If you aren't looking for something super-fast...try the other hot new bow from PSE, the Firestorm X. I promise it feels better, performs better, and is quieter than a Drenalin or other similar type bow.


----------



## MDOG (Dec 22, 2005)

JShepley said:


> This has been a great thread and I am glad to see the fierce brand loyalty is still alive and well.
> Next week, all tests will be verified by an unbiased editor of one of the largest bowhunting magazines in the country. The undeniable results will prove that the X-Force is the greatest bow made for guys looking for high K.E. to kill animals...At 348-350 fps...you can use 1 pin out to 40 yards. How would you like that for treestand whitetails or 70 yard shots at elk in New Mexico? This bow is flat out awesome and you can say what you want but until you shoot it, try to reserve your opinions and be reasonable. The test wasn't rigged....we didn't change the temp on the gel, we weren't at Area 51 and no...that wasn't Jimmy Hoffa shooting the bow. You can bet the verified tests will be available soon. Don't buy anything until you try this bow.
> 
> If you aren't looking for something super-fast...try the other hot new bow from PSE, the Firestorm X. I promise it feels better, performs better, and is quieter than a Drenalin or other similar type bow.
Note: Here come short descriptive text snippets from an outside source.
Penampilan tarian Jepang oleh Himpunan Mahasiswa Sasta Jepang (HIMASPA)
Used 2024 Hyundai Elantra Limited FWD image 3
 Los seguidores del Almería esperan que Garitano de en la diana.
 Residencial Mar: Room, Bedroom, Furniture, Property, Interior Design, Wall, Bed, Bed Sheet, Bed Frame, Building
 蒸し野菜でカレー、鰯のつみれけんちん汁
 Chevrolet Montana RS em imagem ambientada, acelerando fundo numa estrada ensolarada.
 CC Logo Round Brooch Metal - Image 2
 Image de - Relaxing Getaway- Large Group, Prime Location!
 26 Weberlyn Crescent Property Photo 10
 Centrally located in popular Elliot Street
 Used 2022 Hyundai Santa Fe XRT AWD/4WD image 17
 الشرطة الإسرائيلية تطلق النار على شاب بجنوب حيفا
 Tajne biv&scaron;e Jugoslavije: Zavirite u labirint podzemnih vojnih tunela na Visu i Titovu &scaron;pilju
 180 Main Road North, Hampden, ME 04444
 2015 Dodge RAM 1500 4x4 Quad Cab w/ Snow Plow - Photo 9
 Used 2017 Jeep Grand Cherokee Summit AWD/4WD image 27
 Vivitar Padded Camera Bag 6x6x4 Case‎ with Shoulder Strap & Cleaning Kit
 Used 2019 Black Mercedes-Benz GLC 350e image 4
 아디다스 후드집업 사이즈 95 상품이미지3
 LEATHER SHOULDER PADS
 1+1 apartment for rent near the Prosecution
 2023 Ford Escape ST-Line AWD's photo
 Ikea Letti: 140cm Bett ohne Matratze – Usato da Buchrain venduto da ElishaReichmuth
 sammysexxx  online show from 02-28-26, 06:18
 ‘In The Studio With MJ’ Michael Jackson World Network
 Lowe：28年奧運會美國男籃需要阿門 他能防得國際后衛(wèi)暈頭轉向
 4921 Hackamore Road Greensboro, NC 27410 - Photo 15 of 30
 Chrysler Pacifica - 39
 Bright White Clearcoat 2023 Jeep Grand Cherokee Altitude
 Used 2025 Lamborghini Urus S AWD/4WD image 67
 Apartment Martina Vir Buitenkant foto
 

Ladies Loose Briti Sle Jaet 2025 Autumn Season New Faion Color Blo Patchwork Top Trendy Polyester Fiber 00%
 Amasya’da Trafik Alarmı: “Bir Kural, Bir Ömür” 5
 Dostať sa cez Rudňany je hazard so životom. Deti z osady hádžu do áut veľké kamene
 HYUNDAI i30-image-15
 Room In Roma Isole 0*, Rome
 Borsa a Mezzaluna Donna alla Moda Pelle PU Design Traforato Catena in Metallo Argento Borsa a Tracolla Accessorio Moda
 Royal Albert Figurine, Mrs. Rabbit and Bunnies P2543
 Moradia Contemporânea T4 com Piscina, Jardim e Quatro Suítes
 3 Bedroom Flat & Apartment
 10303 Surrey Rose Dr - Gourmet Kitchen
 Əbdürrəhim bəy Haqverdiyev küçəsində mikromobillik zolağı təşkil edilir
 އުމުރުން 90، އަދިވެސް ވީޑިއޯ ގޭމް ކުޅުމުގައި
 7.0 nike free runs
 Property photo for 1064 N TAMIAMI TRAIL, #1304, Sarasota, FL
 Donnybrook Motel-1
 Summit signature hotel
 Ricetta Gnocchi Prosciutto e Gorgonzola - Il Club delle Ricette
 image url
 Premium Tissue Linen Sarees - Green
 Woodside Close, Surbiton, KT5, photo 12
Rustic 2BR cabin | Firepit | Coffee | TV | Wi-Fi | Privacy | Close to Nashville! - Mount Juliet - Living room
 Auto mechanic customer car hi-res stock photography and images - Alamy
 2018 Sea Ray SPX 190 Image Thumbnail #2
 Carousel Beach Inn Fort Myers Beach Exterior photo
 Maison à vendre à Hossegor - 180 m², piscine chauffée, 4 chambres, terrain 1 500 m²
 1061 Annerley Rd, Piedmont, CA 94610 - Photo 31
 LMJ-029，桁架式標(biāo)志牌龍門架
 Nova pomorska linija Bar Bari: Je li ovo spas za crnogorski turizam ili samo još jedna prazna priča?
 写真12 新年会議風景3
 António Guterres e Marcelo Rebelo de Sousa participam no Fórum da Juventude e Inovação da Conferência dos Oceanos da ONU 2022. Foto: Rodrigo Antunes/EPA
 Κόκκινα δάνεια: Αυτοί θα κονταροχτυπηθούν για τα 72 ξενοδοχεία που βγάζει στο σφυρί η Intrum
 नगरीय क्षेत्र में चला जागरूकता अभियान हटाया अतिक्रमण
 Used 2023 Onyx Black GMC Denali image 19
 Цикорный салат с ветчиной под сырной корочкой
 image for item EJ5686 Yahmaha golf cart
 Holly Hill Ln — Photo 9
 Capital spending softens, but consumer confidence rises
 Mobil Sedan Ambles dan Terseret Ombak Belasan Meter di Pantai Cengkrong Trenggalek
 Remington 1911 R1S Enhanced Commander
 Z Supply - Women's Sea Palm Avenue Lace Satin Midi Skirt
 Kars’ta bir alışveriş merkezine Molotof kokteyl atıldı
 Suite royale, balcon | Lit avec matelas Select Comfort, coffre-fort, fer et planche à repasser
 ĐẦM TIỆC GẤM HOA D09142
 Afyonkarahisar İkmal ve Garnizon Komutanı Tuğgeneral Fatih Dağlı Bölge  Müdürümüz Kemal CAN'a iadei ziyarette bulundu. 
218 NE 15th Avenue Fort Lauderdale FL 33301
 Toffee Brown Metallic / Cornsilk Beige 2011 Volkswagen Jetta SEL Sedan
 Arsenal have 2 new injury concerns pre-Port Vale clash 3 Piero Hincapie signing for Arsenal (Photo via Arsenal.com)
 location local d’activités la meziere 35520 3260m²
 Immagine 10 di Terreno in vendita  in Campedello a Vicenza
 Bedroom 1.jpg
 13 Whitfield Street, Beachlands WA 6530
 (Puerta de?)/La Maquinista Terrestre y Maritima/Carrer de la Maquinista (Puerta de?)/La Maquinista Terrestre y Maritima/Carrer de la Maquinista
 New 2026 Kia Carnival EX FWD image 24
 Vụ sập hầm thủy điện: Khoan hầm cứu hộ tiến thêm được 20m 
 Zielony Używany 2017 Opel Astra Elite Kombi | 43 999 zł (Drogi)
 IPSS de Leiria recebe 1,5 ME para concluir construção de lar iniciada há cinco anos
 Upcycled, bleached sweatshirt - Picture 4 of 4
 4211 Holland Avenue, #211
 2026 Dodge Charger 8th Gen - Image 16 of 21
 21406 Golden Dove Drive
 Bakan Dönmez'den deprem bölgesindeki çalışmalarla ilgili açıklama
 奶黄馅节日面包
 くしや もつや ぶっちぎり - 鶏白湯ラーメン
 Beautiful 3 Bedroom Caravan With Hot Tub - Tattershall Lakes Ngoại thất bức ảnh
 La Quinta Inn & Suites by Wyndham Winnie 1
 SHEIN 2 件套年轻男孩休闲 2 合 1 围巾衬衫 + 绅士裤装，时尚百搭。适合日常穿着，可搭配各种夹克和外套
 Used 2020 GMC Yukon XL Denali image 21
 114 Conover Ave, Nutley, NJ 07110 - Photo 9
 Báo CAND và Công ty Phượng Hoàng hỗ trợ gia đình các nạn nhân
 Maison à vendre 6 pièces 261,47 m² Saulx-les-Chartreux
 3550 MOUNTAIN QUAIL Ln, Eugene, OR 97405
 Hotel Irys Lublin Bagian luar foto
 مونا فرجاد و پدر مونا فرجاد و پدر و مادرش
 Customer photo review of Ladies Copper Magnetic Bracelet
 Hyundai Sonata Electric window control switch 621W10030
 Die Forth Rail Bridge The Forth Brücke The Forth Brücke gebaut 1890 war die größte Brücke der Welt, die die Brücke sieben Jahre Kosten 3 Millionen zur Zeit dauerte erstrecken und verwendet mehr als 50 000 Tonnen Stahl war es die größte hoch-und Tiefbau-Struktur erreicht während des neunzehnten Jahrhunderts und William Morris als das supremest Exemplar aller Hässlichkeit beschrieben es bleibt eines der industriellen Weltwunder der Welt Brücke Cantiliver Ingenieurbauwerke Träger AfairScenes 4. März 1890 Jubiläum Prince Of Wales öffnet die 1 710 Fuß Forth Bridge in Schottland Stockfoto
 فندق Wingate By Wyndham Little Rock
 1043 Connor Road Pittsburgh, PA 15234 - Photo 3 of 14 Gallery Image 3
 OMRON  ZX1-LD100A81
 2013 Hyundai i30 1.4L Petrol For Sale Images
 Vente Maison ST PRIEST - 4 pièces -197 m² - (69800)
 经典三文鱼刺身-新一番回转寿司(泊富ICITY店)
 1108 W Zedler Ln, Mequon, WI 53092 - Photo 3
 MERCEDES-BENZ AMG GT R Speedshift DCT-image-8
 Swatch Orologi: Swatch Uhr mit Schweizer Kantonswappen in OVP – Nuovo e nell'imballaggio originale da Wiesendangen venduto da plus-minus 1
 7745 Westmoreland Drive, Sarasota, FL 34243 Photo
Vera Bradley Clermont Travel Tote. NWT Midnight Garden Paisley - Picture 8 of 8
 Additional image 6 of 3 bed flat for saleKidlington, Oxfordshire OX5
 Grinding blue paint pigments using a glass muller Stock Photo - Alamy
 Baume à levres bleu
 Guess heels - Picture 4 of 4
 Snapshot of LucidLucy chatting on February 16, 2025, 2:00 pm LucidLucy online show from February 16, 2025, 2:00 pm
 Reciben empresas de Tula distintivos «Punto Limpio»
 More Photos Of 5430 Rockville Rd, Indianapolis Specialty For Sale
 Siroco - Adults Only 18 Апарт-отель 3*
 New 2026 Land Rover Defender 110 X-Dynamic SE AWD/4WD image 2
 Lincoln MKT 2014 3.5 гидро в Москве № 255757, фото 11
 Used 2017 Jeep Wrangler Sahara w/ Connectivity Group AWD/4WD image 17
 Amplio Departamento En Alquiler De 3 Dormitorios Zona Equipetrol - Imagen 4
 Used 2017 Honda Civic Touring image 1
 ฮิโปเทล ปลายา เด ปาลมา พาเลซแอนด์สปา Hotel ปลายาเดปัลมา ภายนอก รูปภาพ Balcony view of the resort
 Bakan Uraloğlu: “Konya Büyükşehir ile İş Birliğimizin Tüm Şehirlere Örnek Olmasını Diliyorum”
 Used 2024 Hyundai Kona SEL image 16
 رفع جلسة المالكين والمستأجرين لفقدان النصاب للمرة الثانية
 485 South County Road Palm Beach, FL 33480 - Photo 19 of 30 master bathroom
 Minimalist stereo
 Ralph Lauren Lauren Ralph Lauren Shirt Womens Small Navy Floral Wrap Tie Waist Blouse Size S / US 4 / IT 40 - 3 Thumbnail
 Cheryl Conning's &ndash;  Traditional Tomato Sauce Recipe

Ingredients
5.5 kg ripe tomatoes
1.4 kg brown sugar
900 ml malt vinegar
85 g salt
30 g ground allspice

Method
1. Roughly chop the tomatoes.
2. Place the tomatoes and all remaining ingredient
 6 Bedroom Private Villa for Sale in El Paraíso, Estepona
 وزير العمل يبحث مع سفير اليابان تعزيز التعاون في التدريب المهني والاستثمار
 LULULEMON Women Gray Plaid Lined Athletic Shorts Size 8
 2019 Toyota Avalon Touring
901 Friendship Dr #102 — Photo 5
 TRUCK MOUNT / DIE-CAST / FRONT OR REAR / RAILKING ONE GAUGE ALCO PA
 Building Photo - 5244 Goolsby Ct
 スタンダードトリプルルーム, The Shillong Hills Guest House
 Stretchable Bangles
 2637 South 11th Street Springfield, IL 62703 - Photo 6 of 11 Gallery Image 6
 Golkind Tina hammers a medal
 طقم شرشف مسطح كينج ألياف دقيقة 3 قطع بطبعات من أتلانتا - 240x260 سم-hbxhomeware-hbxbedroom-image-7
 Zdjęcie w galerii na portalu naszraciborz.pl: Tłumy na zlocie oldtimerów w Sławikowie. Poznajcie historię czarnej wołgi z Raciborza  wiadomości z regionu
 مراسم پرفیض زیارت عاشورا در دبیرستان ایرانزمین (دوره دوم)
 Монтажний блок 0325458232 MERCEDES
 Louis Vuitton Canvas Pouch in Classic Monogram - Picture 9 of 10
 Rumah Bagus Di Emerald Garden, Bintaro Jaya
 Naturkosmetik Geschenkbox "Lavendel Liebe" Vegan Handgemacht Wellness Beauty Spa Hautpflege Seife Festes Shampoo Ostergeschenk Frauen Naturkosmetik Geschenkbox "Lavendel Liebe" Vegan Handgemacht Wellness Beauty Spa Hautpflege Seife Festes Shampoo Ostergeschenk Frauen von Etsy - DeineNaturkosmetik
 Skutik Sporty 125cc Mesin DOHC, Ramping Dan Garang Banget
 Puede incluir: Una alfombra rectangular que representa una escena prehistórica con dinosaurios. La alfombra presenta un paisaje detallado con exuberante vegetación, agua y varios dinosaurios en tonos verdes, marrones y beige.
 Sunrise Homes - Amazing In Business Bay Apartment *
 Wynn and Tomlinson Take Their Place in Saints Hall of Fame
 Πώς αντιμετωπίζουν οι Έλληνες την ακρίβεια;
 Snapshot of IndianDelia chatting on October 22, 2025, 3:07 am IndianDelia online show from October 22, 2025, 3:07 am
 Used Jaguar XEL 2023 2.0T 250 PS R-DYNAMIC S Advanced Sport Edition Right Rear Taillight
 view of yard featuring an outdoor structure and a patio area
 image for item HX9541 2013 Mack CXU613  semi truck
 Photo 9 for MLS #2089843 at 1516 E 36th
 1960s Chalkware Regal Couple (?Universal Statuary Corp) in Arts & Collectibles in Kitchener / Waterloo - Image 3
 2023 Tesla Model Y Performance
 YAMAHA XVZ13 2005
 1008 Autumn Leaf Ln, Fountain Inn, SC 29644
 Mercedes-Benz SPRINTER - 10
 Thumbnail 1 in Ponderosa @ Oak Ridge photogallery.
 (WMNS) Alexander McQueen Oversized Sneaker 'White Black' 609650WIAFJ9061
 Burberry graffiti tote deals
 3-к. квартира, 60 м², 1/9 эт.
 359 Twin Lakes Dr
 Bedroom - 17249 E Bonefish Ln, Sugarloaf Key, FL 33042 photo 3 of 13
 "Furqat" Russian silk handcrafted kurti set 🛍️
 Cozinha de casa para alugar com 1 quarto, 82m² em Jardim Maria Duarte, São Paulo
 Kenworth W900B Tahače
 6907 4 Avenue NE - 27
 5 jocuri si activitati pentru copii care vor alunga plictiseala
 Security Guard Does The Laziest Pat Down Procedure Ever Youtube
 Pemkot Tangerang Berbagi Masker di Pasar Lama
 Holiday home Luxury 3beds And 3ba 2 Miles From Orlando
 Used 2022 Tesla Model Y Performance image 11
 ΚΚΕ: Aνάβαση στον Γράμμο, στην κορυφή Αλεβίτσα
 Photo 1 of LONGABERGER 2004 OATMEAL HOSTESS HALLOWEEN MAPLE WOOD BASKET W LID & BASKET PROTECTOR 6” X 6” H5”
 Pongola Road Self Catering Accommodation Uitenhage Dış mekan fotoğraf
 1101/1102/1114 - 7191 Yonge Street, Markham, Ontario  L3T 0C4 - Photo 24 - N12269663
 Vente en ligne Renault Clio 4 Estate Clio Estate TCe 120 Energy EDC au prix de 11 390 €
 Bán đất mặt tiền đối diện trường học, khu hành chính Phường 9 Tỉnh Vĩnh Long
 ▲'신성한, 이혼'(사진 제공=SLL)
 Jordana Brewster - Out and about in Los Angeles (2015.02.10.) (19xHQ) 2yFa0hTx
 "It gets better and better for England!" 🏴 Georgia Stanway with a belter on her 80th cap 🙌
STILL FUNNY WHY PSE FACTORY CALL MATHEWS DEALERS TO FIND OUT HOW MUCH THEY SELL DRENALINS FOR!! THEY STILL CANT SELL X FORCE NO MATTER IF THEY ARE CHEAPER!:tongue:


----------



## Rooster Cogburn (Mar 5, 2005)

JShepley said:


> If you aren't looking for something super-fast...try the other hot new bow from PSE, the Firestorm X. I promise it feels better, performs better, and is quieter than a Drenalin or other similar type bow.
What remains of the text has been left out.